Who you recruit matters in how you approach missions as well, as some characters might be stronger hackers while others rely on raw muscle. Although different approaches to missions were also possible in the first two games (since the protagonist would unite these traits), the new approach allows for them to be more emphasized – also being an archetype also means you do NOT have some of the other traits, forcing you into a certain playstyle more. It might feel constraining to some, but I think it’s going to greatly enhance how replayable this game is going to be – tackling the same or familiar missions with very different characters.

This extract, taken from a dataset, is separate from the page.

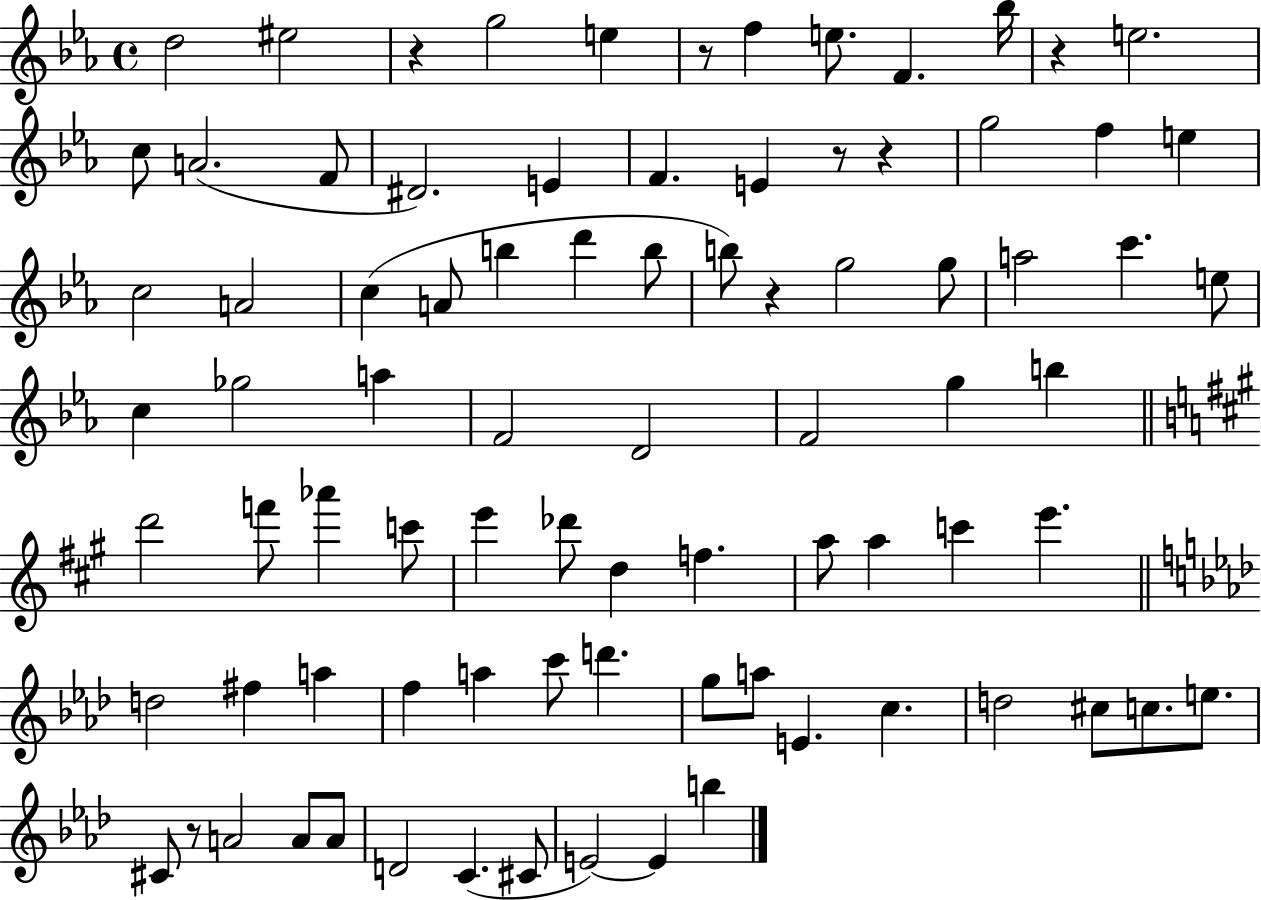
D5/h EIS5/h R/q G5/h E5/q R/e F5/q E5/e. F4/q. Bb5/s R/q E5/h. C5/e A4/h. F4/e D#4/h. E4/q F4/q. E4/q R/e R/q G5/h F5/q E5/q C5/h A4/h C5/q A4/e B5/q D6/q B5/e B5/e R/q G5/h G5/e A5/h C6/q. E5/e C5/q Gb5/h A5/q F4/h D4/h F4/h G5/q B5/q D6/h F6/e Ab6/q C6/e E6/q Db6/e D5/q F5/q. A5/e A5/q C6/q E6/q. D5/h F#5/q A5/q F5/q A5/q C6/e D6/q. G5/e A5/e E4/q. C5/q. D5/h C#5/e C5/e. E5/e. C#4/e R/e A4/h A4/e A4/e D4/h C4/q. C#4/e E4/h E4/q B5/q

And while the game map isn’t a carbon copy of London, the map is absolutely huge. A good chunk was available during the demo, and just driving around and taking in the sights was a great way to spend time as well. In theory, you could do this while team members take on missions for you – but there’s another side to that as well. The characters in your roster who you’re not currently controlling live their own lives, and might get into serious trouble. This could cause you to lose them permanently, or could present a scenario where you send another team member in to save them.

Despite my initial deja vu, Legion is shaping up to be a more ambitious leap forward than Watch Dogs 2 was. London is a great new setting as well, with so many iconic buildings and so much history. We didn’t get to sample too much of the core narrative yet, but let’s hope they weave in a bit of Brexit humor. Looking forward to seeing more in the near future, as Legion arrives on the horizon after the festive season wraps up.